Traffic Volumes ADT 1993

Introduction

Development of Traffic Volumes

With the rise in traffic volumes during the past decades, motor vehicle (MV) traffic has caused increasingly serious problems and pollution. Due to its high spatial demands, the water pollution it causes, its cutting effect on urban space and its heavy utilization of the public road space, motor vehicle traffic decreases the quality of life and of visiting, especially in urban residential areas. With the growth in traffic volume, the numbers of traffic accidents, and with it, the number of traffic fatalities and injuries, has climbed. The near-ground air pollutant emissions pose a considerable threat to health, especially in the inner-city area. In addition, growing traffic noise is damaging to physical, psychological and social well-being.

In the foreseeable future, no reduction in traffic volume is to be expected. With the opening of the inner-German border, the gradual development of a common living and economic area, as well as the strengthening ties with eastern Europe, the traffic volume on the streets in Berlin and the surrounding countryside has grown appreciably. According to investigations by the German Institute for Economic Research (DIW), Berlin must calculate, even over the long term, with a further increase in motorized individual traffic.

Figure 1 shows a continuously upward development in the stock of cars for both halves of the city, with the eastern part of the city in addition showing an especially steep upward trend in the first year of reunification. Even in the years 1970 – 1980, the amount of all motor vehicles registered increased by around 87 % in East Berlin, from about 139,000 to 261,000; in West Berlin, by contrast, the gain was only around 46 %, from 411,000 to 661,000. Here, the increased motorization of the population had already begun in the ’60s, so that the further increase was slighter during the following years. Between 1980 and 1995, the motor vehicle stock increased in the eastern part of the city by some 59 %, in the western part, during the same period, by around 45 %. Thus, the number of motor vehicles in East Berlin tripled to 415,000 (plus 197 %) over a period of 25 years, while in West Berlin, for the reasons stated, it still doubled to 873,000 (plus 112 %).

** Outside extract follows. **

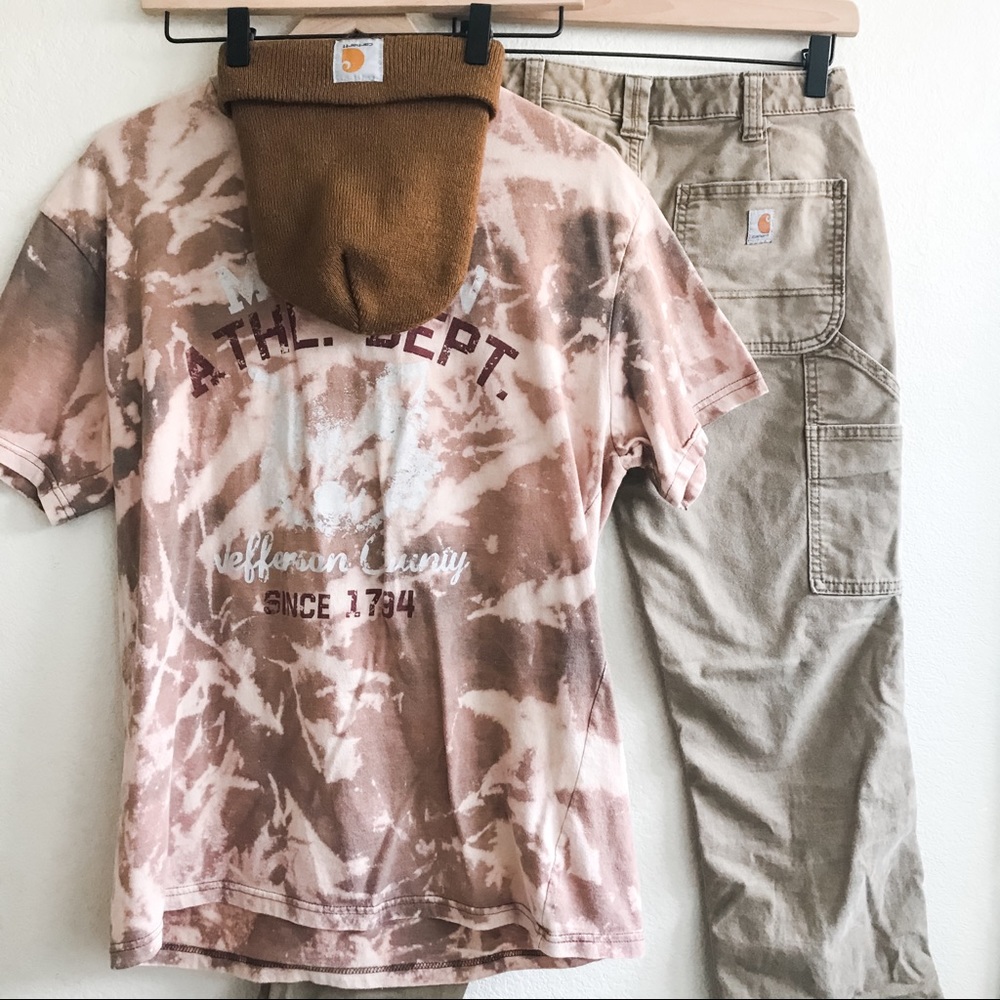 Custom Tie Dye Athletic Debt Short Sleeve Graphic T Shirt. Brown, size X Large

Fig. 1: Automobile Stock and Fuel Use Berlin, 1970 - 1995

Fig. 1: Automobile Stock and Fuel Use Berlin, 1970 - 1995

Of the total of almost 1.3 million registered motor vehicle on Berlin’s streets, the number of cars must be especially considered, because they decisively determine the volume of motorized individual traffic. Their number increased in East Berlin by around 350 %, from 84,000 to 380,000, between 1970 and 1995. In West Berlin the number of cars doubled during that period (1970 to 1995) from 373,000 to 745,000.

Gasoline consumption has risen very much less steeply than the number of vehicles themselves. The relatively steep rise after 1989 can be explained by the fact that, after the political transformation in East Germany, the number of cars in East Berlin and in the countryside surrounding Berlin rose abruptly, while the number of gasoline stations increased only over the course of the last years. Therefore, during the first years, many East Berliners and Brandenburgers drove to West Berlin to fill up, while today, the trend is in the opposite direction, due to the lower-priced gasoline available in the countryside surrounding Berlin.

Motorization Level

The motorization level, i.e., the ratio of cars to the number of inhabitants, was also different for East and West Berlin in 1970. Thus, there were 77.5 cars per 1,000 inhabitants in East Berlin in 1970, compared to 175.4 in the western part of the city – a difference of almost 100 vehicles per 1,000 inhabitants. In 1995, partially due to reunification, the numbers are clearly closer together: In East Berlin, 1,000 inhabitants now have 302 cars at their disposal, compared to 346 in West Berlin (cf. Fig. 2). In comparison with other cities, Berlin thus still has a favorable level: Munich, with 570 cars/1,000 inh., and Hamburg with about 500 car/1,000 inh., show far higher values.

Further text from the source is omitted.